The Surprise That Doesn’t Let Up
Every so often a record you had never heard of a week ago grabs you by the throat and refuses to let go. Miasmic Solitude did exactly that.
Goreworm popped up on my radar during Friday Five research last week, and I went in completely cold. This is the second album from the Ontario group, and it slaps. Technical death metal with black metal in its blood, and it does not let up for a second. This might end up on the list of best death metal albums released this year. These guys have mastered the trick of being technical, melodic, and brutal as all hell at the same time. The riffs are insanely catchy, and the drums are miked in a way that feels organic, not buried under trigger software and the sterile over-production that plagues so much modern death metal.
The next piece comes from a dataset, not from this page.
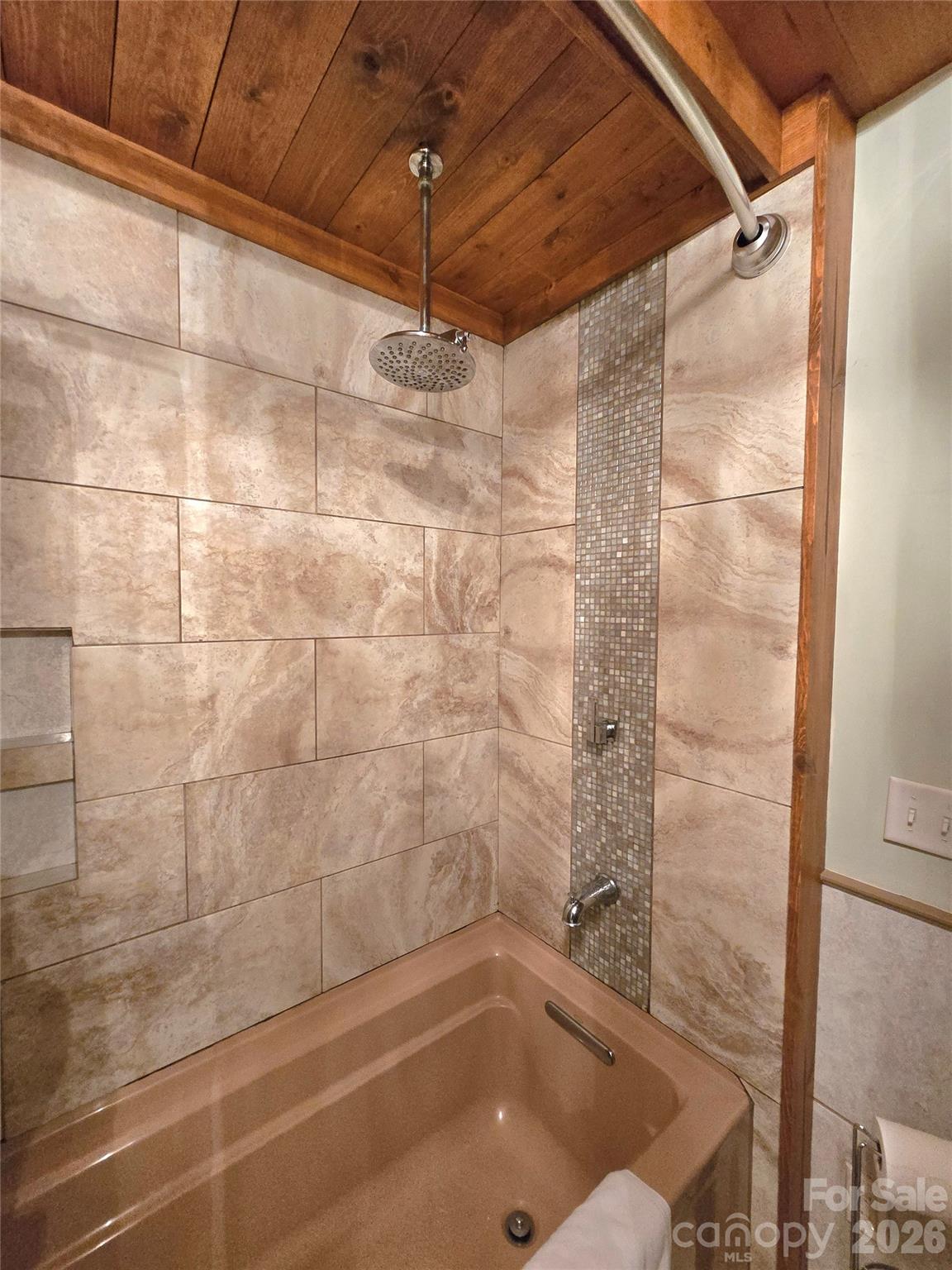 18 Rollingwood Road — Asheville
The cover rules too. Arachnophobia, anyone? There are stretches with real Black Dahlia Murder in them, which I mean as the highest compliment, because most modern tech and melodic death has lost that raw edge. The vocals especially.
“The Enthralling Grave” is the one that hooked me. The opening riff drops you straight into the chaos that follows, and the riffs that really get me are the ones landing on the “and” beats, shoving everything relentlessly forward. Music nerds, rejoice.
“Orbweaver” has incredible soloing and guitar scrapes that add an extra punch to a song that was already unrelenting. What makes it special is that Goreworm knows when to let things breathe and let the atmospheric moments take over. They break exactly when it is right, then come back in and hit you.
“No Reprieve” is another string of killer riffs front to back. These guys seriously know how to play.
The title track opens with a thrash guitar and bass lick that snaps you right back to attention for the home stretch. I usually want the title track closer to the front of an album, but I respect what they did here, because the keyboard atmospherics make it land. The last minute is something special. My biggest complaint with most albums is that they rarely leave you wanting to keep listening or start over from the top. Not the case here. They go airy and technical in the best way, with an almost symphonic ending that had me thinking, I need to hear this live.
If you like death metal in any form, dig this one up. They nailed it.